Problem description: After locating the line with "大寶眼角皺紋蜜20g 眼霜保濕補水滋潤護理眼部周圍 大寶眼角淡紋霜20g" in the data that follows, return it and every later line exactly, up to and including the line with "康缘 抗骨增生胶囊 0.35g*100粒".

Start of Source data

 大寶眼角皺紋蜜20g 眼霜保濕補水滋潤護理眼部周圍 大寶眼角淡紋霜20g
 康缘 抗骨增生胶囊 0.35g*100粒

End of Source data
Start of Source data

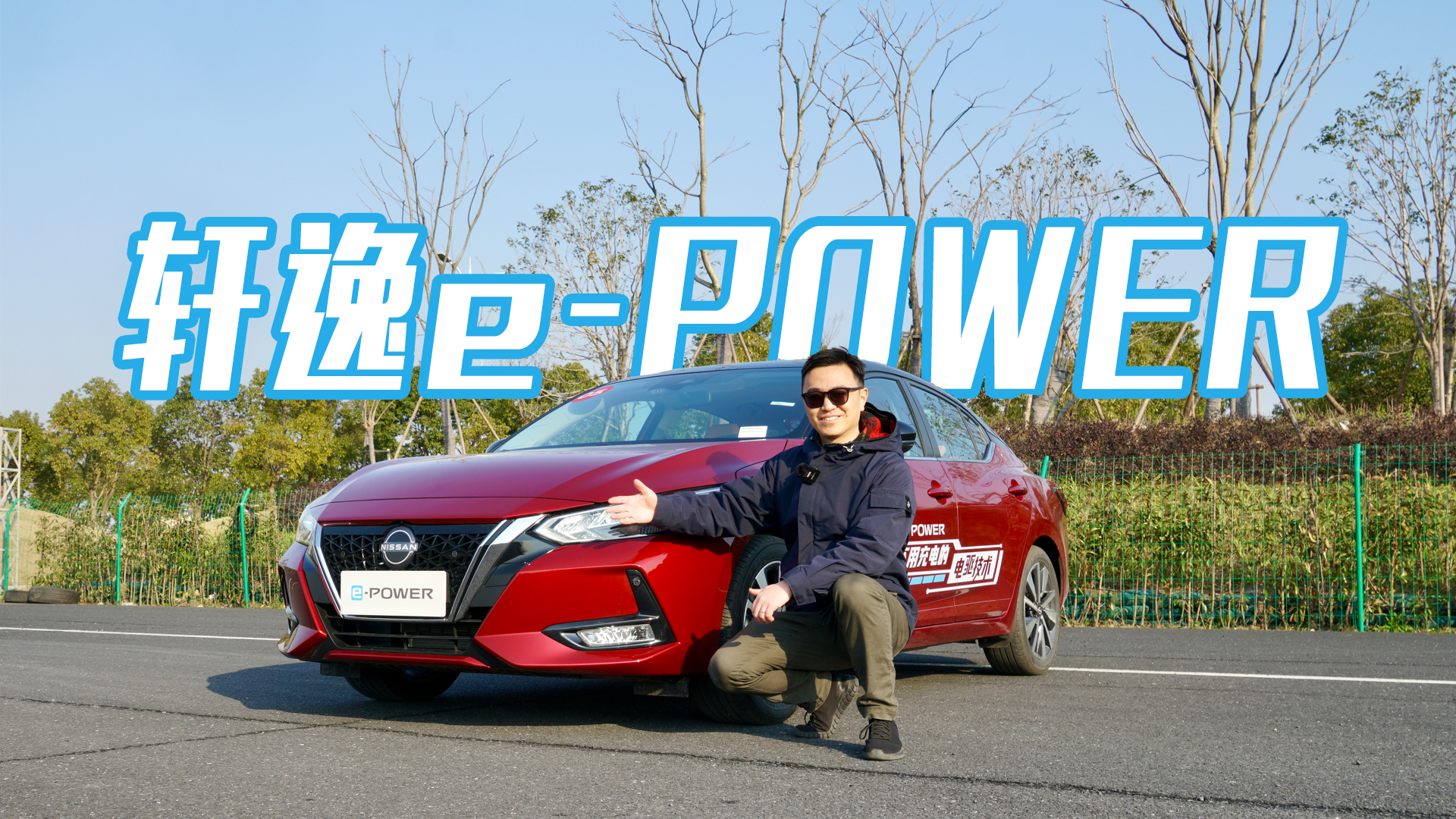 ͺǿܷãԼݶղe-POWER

End of Source data

Result for this exercise:
 大寶眼角皺紋蜜20g 眼霜保濕補水滋潤護理眼部周圍 大寶眼角淡紋霜20g
 康缘 抗骨增生胶囊 0.35g*100粒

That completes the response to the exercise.